NeurIPS2024
MSAGPT: Neural Prompting Protein Structure Prediction via MSA Generative Pre-Training
Bo Chen, Zhilei Bei, Xingyi Cheng, Pan Li, Jie Tang, Le Song
摘要
Multiple Sequence Alignment (MSA) plays a pivotal role in unveiling the evolutionary trajectories of protein families. The accuracy of protein structure predictions is often compromised for protein sequences that lack sufficient homologous information to construct high-quality MSA. Although various methods have been proposed to generate virtual MSA under these conditions, they fall short in comprehensively capturing the intricate co-evolutionary patterns within MSA or require guidance from external oracle models. Here we introduce MSAGPT, a novel approach to prompt protein structure predictions via MSA generative pre-training in the low-MSA regime.

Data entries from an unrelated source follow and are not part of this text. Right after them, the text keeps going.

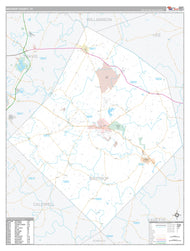 Bastrop County, TX Premium Style Wall Map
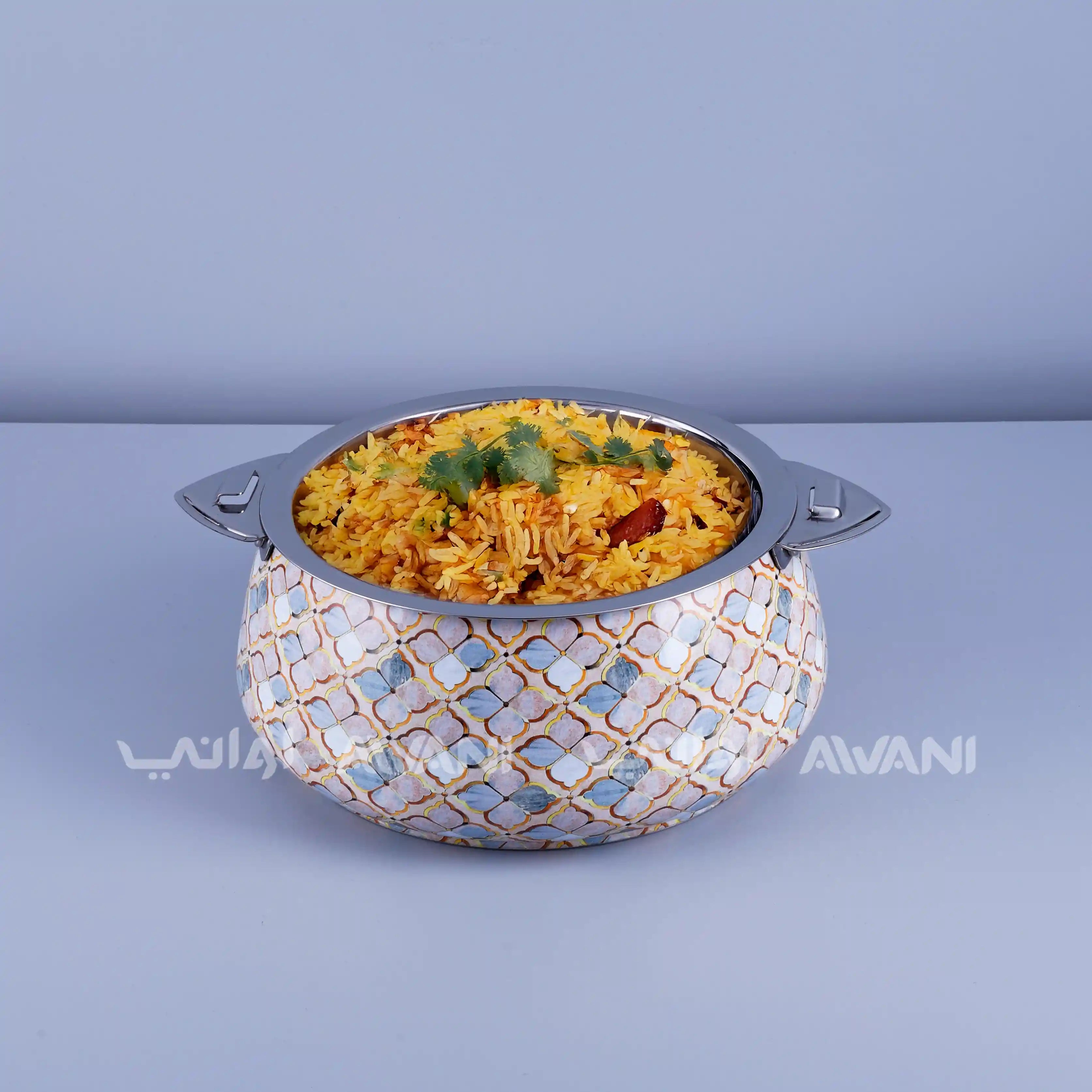 Mirna Marble and Multicolor Hotpot Stainless steel - 2500 ML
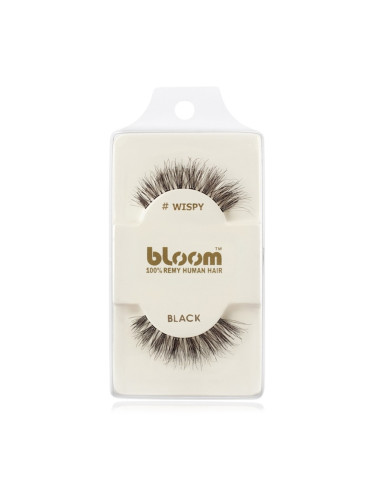 Bloom Natural изкуствени мигли от естествен косъм (Wispy, Black) 1 см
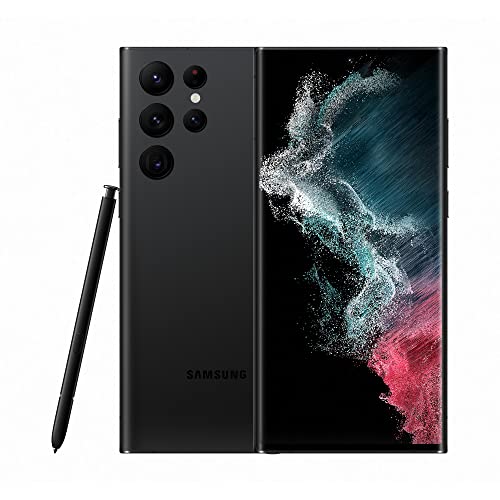 SAMSUNG Galaxy S22 Ultra 5G - Teléfono móvil (512 GB, Tarjeta SIM), Color Negro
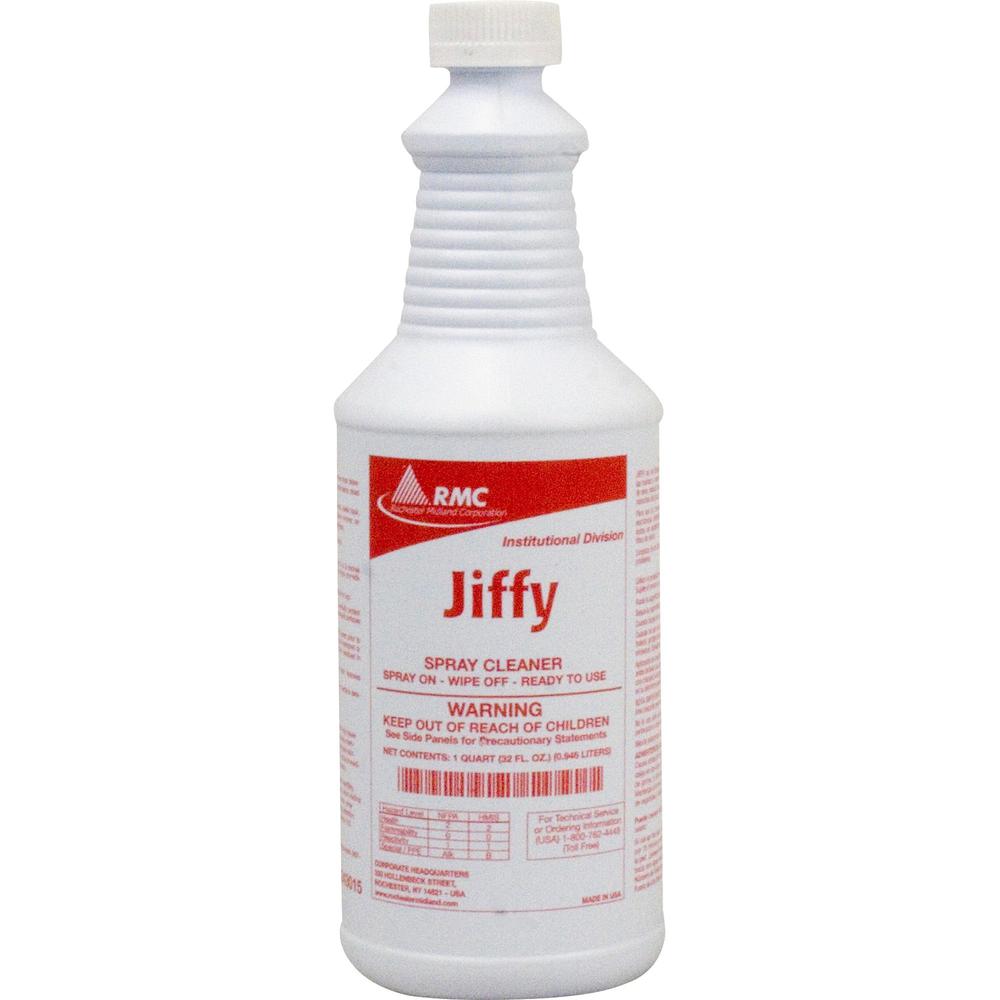 RMC Jiffy Spray Cleaner - Ready-To-Use Spray - 32 fl oz (1 quart) - 12 / Carton - Yellow. Picture 1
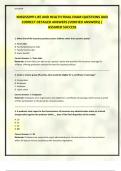 MISSISSIPPI LIFE AND HEALTH FINAL EXAM QUESTIONS AND CORRECT DETAILED ANSWERS &lpar;VERIFIED ANSWERS&rpar; &vert; ASSURED SUCCESS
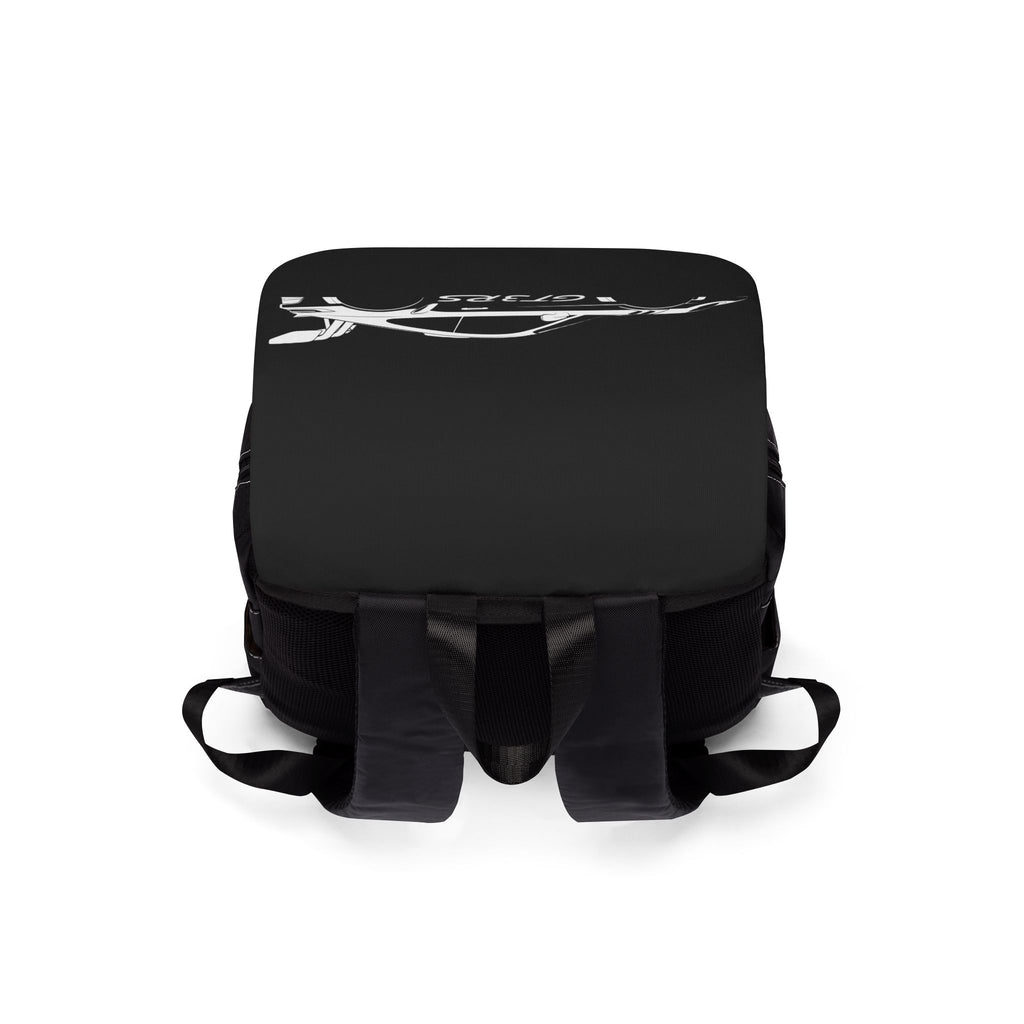 Sports Car Silhouette Backpack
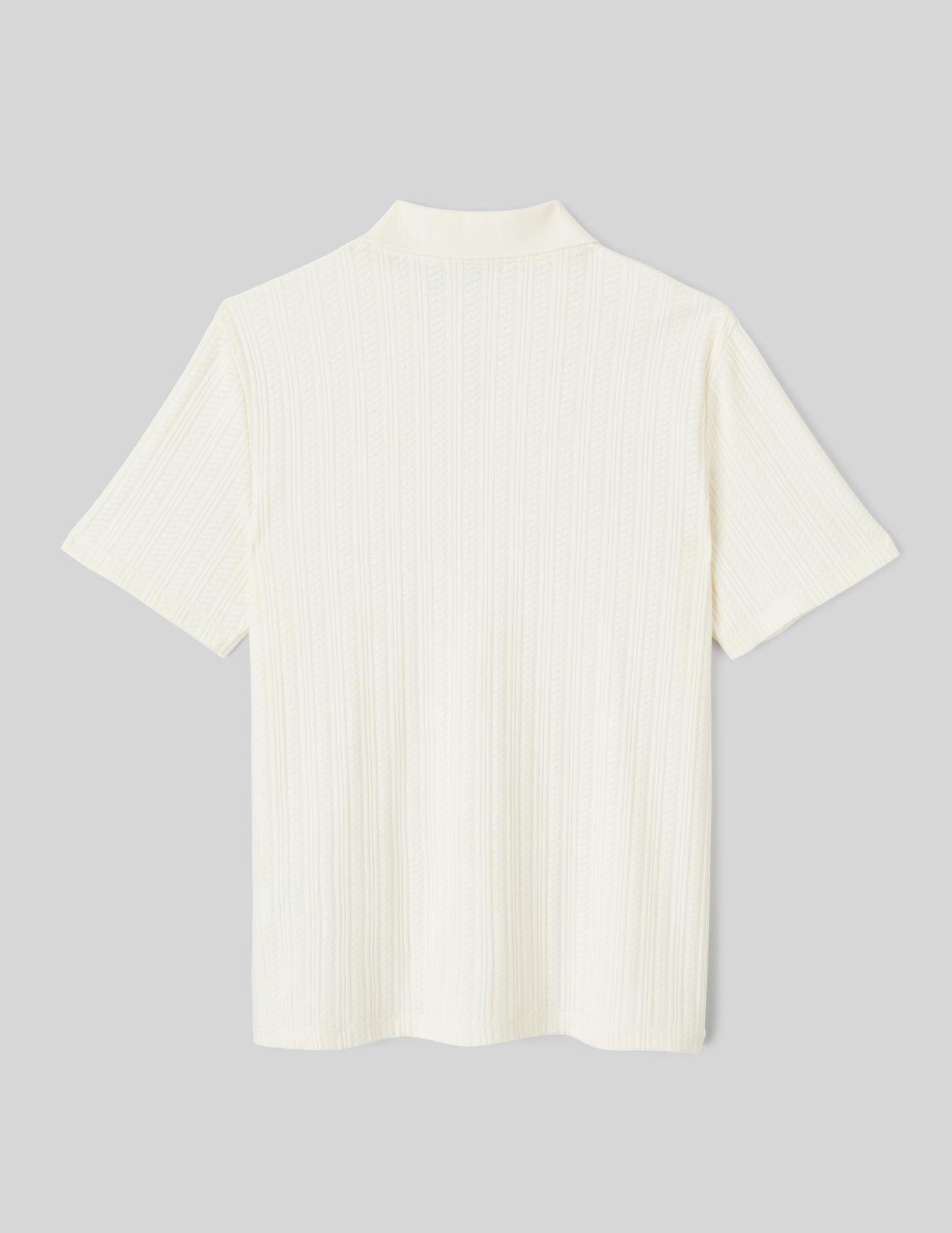 Polo matière fantaisie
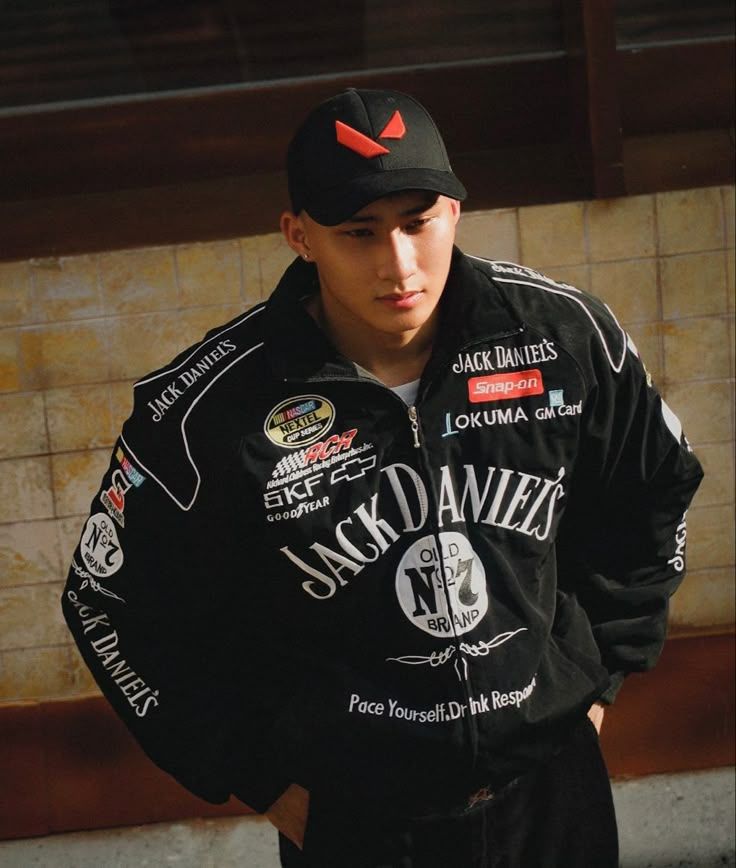 Jack Daniel’s Old No.7 DTF Print Racing Jacket – Black Edition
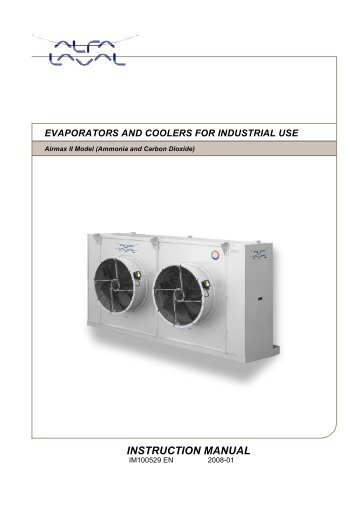 EVAPORATORS AND COOLERS FOR ... - Alfa Laval - ABC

MSAGPT employs a simple yet effective 2D evolutionary positional encoding scheme to model the complex evolutionary patterns. Endowed by this, its flexible 1D MSA decoding framework facilitates zero-or few-shot learning. More-over, we demonstrate that leveraging the feedback from AlphaFold2 can further enhance the model’s capacity via Rejective Fine-tuning (RFT) and Reinforcement Learning from AF2 Feedback (RLAF). Extensive experiments confirm the efficacy of MSAGPT in generating faithful virtual MSA to enhance the structure prediction accuracy (up to +8.5% TM-Score on few-shot scenarios). The transfer learning capabilities also highlight its great potential for facilitating other protein tasks.